Work instructions:
Give back, unaltered, the lines from the one with "A man and woman" to the end of the material, omitting pictures.

======== Data segment ========

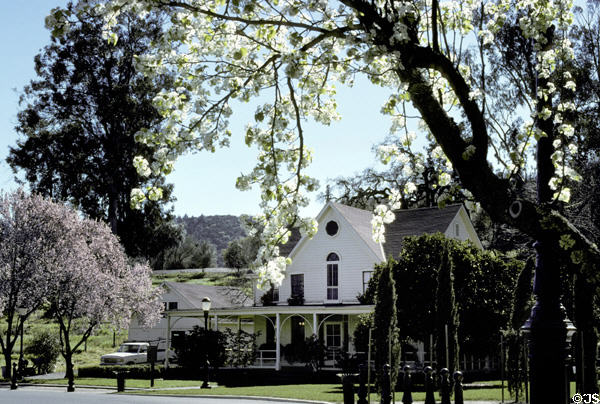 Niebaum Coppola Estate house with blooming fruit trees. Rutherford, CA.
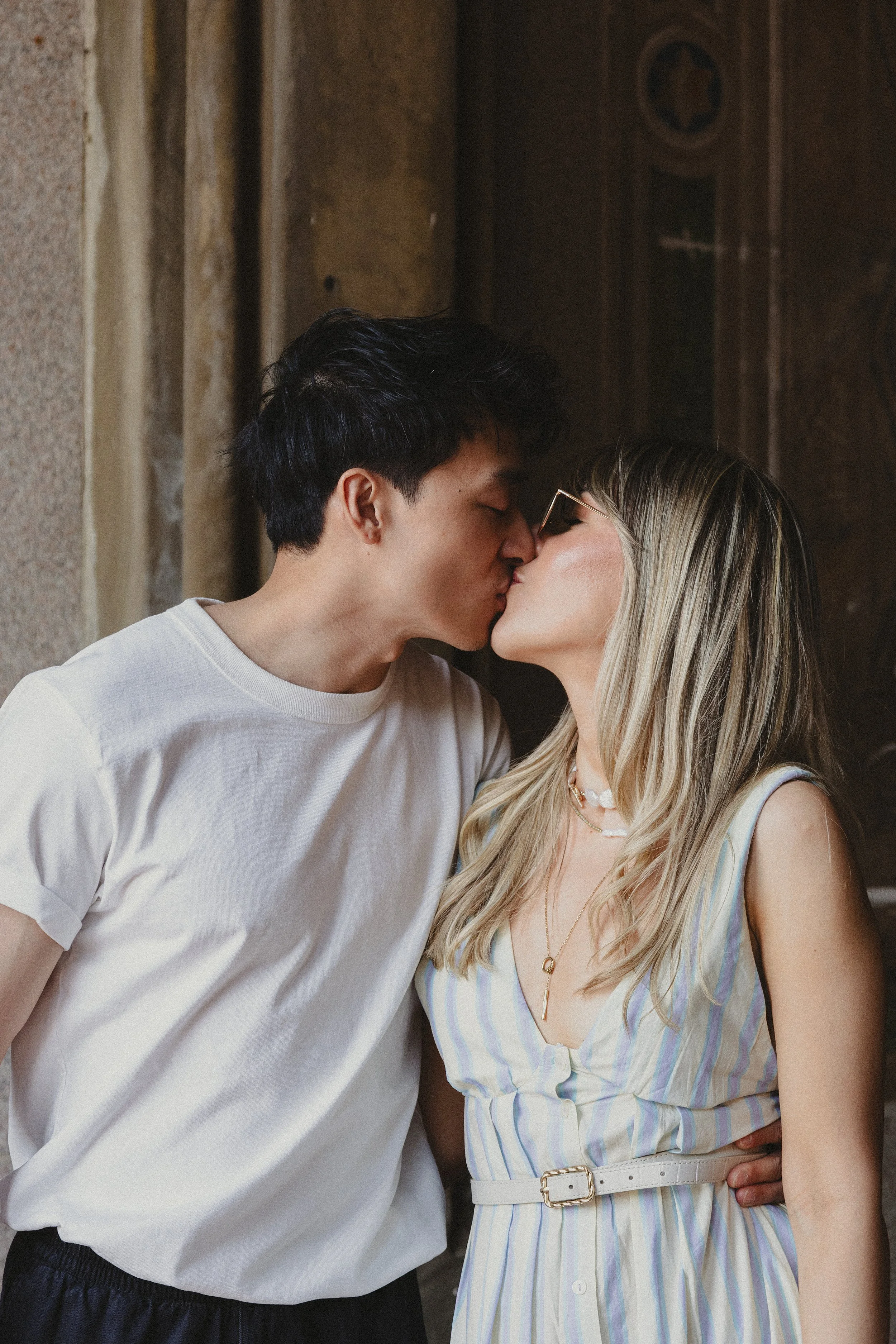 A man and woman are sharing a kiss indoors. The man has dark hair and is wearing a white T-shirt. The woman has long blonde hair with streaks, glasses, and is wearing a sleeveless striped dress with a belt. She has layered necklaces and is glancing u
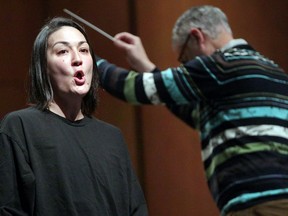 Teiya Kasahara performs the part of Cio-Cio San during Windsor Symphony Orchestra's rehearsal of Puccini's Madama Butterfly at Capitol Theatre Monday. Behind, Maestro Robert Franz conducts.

========

Solution to the problem:
 A man and woman are sharing a kiss indoors. The man has dark hair and is wearing a white T-shirt. The woman has long blonde hair with streaks, glasses, and is wearing a sleeveless striped dress with a belt. She has layered necklaces and is glancing u
 Teiya Kasahara performs the part of Cio-Cio San during Windsor Symphony Orchestra's rehearsal of Puccini's Madama Butterfly at Capitol Theatre Monday. Behind, Maestro Robert Franz conducts.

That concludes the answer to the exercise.